◆ GIVEN INFORMATION ◆

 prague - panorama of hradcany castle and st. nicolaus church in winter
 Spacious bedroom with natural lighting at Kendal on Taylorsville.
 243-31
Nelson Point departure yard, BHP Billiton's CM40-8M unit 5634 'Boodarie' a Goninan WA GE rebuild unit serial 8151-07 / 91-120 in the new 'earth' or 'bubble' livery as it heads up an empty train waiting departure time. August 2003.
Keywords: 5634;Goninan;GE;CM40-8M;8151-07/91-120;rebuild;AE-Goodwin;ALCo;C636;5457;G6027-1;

--

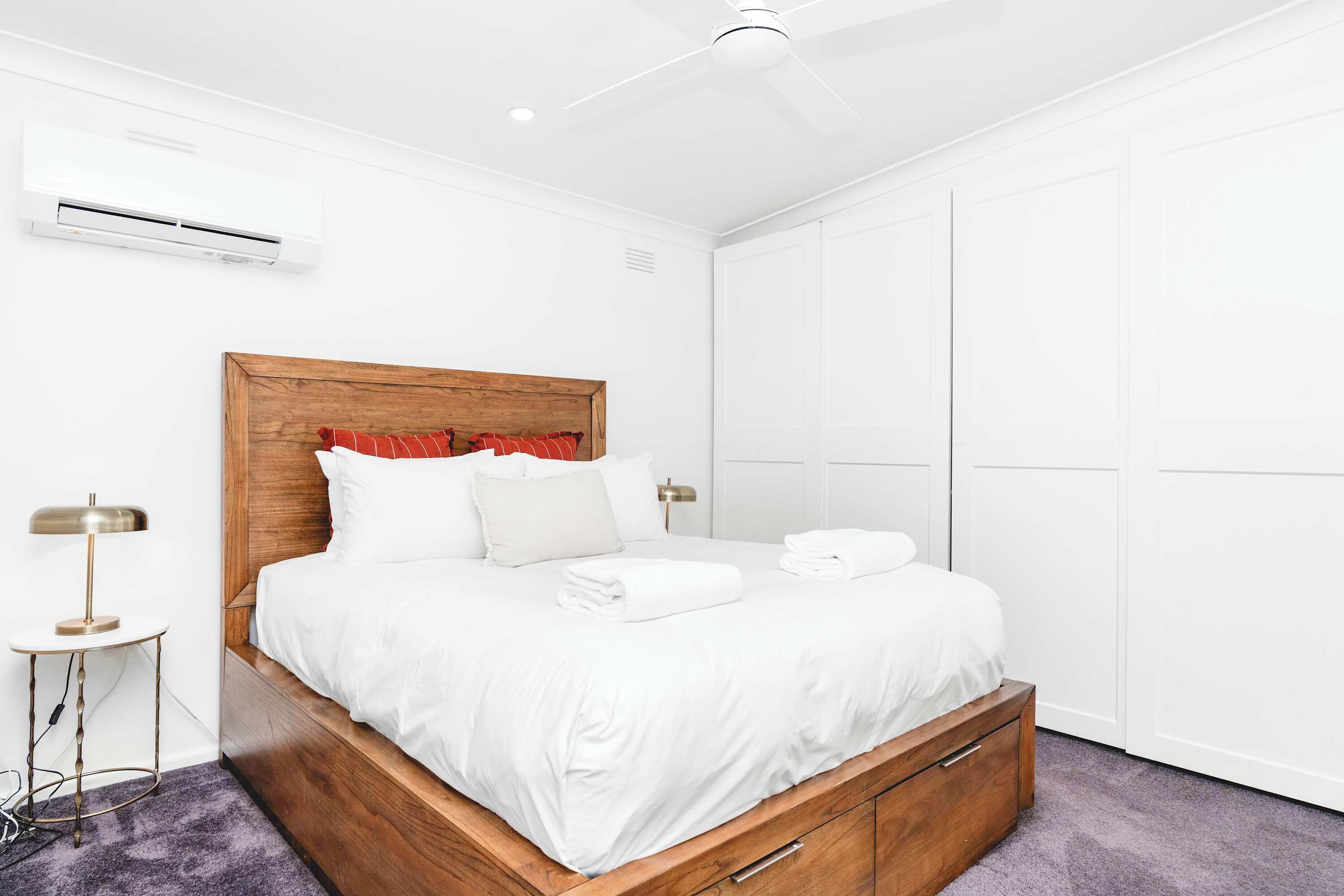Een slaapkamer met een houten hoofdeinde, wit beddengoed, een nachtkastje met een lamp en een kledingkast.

==

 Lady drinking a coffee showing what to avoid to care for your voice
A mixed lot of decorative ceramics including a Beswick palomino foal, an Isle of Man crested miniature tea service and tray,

◆ WHAT THE TASK REQUIRES ◆
Find each line of the data above that holds the word "Goninan", then copy it.

◆ WRITTEN SOLUTION ◆
Nelson Point departure yard, BHP Billiton's CM40-8M unit 5634 'Boodarie' a Goninan WA GE rebuild unit serial 8151-07 / 91-120 in the new 'earth' or 'bubble' livery as it heads up an empty train waiting departure time. August 2003.
Keywords: 5634;Goninan;GE;CM40-8M;8151-07/91-120;rebuild;AE-Goodwin;ALCo;C636;5457;G6027-1;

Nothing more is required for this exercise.